▶ Required action: Only the lines from the one containing "That's generally the" through the last line below belong in your copy; transcribe them exactly and omit any pictures.

[Records from a collection]
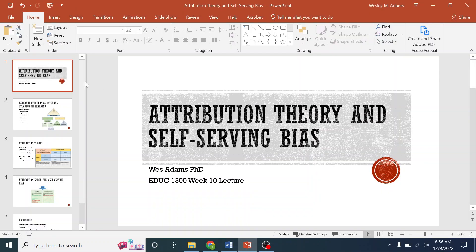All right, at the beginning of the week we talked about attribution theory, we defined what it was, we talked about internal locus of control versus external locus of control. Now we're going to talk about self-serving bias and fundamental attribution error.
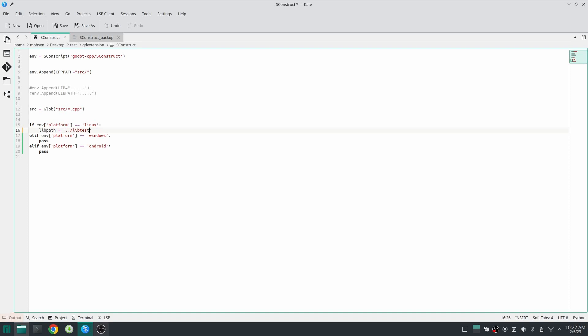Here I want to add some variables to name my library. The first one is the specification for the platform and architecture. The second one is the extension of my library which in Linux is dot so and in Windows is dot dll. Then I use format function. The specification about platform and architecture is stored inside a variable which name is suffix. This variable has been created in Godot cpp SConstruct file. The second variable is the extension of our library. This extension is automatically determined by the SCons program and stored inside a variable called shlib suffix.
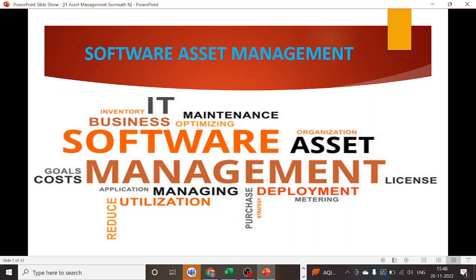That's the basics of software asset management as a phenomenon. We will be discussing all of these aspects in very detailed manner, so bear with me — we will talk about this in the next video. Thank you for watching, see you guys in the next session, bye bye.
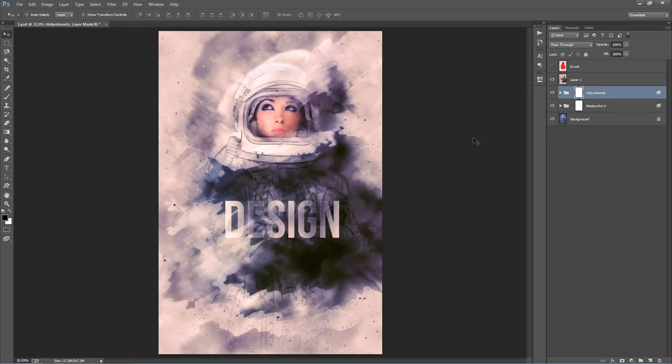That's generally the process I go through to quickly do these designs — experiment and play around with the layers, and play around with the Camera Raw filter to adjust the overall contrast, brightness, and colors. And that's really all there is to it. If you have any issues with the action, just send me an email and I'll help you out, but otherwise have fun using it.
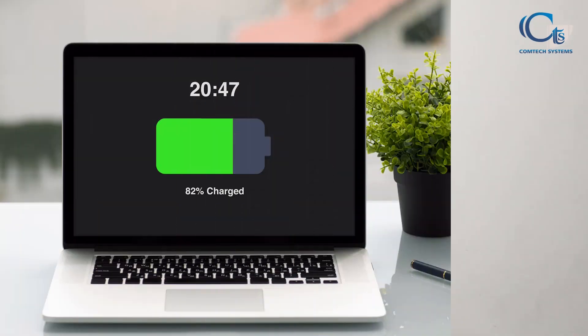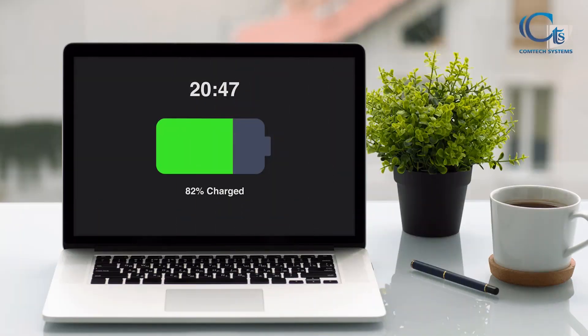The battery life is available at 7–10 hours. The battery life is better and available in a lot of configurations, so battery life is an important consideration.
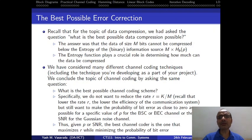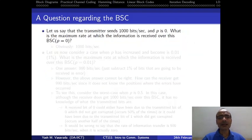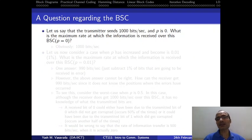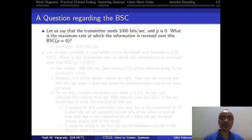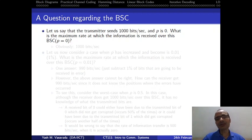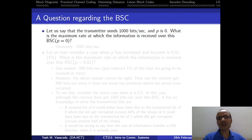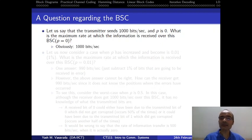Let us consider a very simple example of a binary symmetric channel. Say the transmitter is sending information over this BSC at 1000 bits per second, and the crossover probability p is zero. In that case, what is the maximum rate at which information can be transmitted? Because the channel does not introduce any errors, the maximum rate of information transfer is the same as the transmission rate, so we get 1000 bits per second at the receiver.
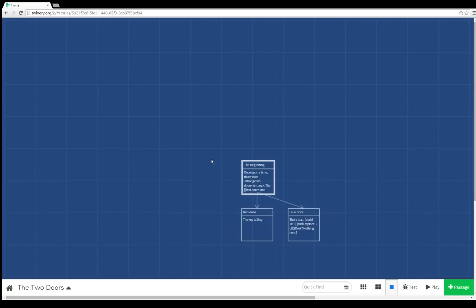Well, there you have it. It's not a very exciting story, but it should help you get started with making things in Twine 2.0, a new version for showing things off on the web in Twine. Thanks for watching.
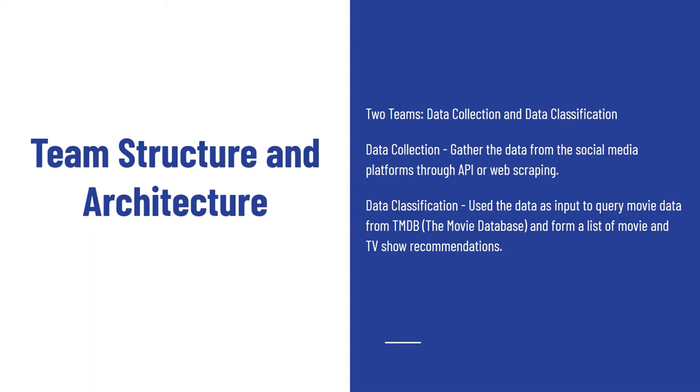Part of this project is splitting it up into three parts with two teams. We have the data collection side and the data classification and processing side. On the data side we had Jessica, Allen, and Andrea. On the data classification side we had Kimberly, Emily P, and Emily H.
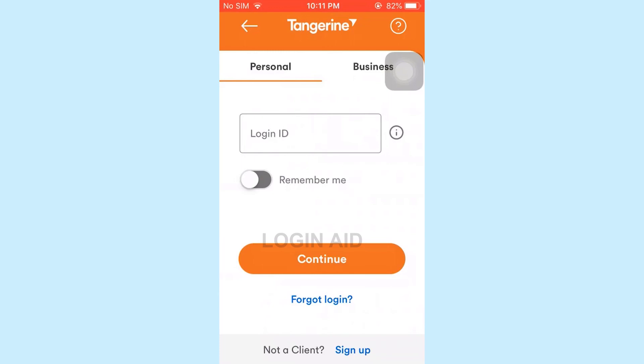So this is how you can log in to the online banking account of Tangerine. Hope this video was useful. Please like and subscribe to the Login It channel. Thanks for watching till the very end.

▶ Exercise solution:
That's generally the process I go through to quickly do these designs — experiment and play around with the layers, and play around with the Camera Raw filter to adjust the overall contrast, brightness, and colors. And that's really all there is to it. If you have any issues with the action, just send me an email and I'll help you out, but otherwise have fun using it.
The battery life is available at 7–10 hours. The battery life is better and available in a lot of configurations, so battery life is an important consideration.
Let us consider a very simple example of a binary symmetric channel. Say the transmitter is sending information over this BSC at 1000 bits per second, and the crossover probability p is zero. In that case, what is the maximum rate at which information can be transmitted? Because the channel does not introduce any errors, the maximum rate of information transfer is the same as the transmission rate, so we get 1000 bits per second at the receiver.
Well, there you have it. It's not a very exciting story, but it should help you get started with making things in Twine 2.0, a new version for showing things off on the web in Twine. Thanks for watching.
Part of this project is splitting it up into three parts with two teams. We have the data collection side and the data classification and processing side. On the data side we had Jessica, Allen, and Andrea. On the data classification side we had Kimberly, Emily P, and Emily H.
So this is how you can log in to the online banking account of Tangerine. Hope this video was useful. Please like and subscribe to the Login It channel. Thanks for watching till the very end.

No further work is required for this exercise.